How to complete this task:
Return the lines below that carry the word "Black".

Short text fragments from websites:
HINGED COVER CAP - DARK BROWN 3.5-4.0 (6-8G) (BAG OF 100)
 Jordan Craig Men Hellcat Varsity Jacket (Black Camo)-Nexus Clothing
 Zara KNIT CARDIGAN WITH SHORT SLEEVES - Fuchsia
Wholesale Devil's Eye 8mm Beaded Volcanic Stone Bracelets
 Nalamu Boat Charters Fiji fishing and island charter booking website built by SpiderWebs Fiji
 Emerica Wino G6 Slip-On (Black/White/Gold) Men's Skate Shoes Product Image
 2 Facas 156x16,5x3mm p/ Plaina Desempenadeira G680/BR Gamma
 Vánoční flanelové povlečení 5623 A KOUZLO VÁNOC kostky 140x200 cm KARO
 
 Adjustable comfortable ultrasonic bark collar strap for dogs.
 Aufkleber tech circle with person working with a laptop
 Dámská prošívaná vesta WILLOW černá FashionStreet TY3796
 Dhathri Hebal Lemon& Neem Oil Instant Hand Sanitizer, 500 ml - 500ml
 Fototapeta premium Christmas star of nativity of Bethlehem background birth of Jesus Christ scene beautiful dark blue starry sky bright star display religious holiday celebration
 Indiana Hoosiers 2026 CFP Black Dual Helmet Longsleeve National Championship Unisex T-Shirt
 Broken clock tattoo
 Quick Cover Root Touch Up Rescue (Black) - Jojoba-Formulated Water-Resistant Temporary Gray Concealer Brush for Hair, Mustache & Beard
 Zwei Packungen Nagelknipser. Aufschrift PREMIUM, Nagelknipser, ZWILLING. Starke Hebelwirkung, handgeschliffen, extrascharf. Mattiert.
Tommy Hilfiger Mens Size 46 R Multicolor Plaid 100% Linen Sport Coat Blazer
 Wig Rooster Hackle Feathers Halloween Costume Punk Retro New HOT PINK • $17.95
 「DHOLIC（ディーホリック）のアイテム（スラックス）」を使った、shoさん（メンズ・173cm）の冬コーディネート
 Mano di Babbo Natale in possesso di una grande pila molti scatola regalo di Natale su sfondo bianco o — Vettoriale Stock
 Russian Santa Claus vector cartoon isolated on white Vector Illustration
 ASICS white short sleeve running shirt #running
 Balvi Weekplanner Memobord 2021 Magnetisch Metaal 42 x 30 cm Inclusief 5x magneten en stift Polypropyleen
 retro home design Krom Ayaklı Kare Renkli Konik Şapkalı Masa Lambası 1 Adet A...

Written solution:
 Jordan Craig Men Hellcat Varsity Jacket (Black Camo)-Nexus Clothing
 Emerica Wino G6 Slip-On (Black/White/Gold) Men's Skate Shoes Product Image
 Indiana Hoosiers 2026 CFP Black Dual Helmet Longsleeve National Championship Unisex T-Shirt
 Quick Cover Root Touch Up Rescue (Black) - Jojoba-Formulated Water-Resistant Temporary Gray Concealer Brush for Hair, Mustache & Beard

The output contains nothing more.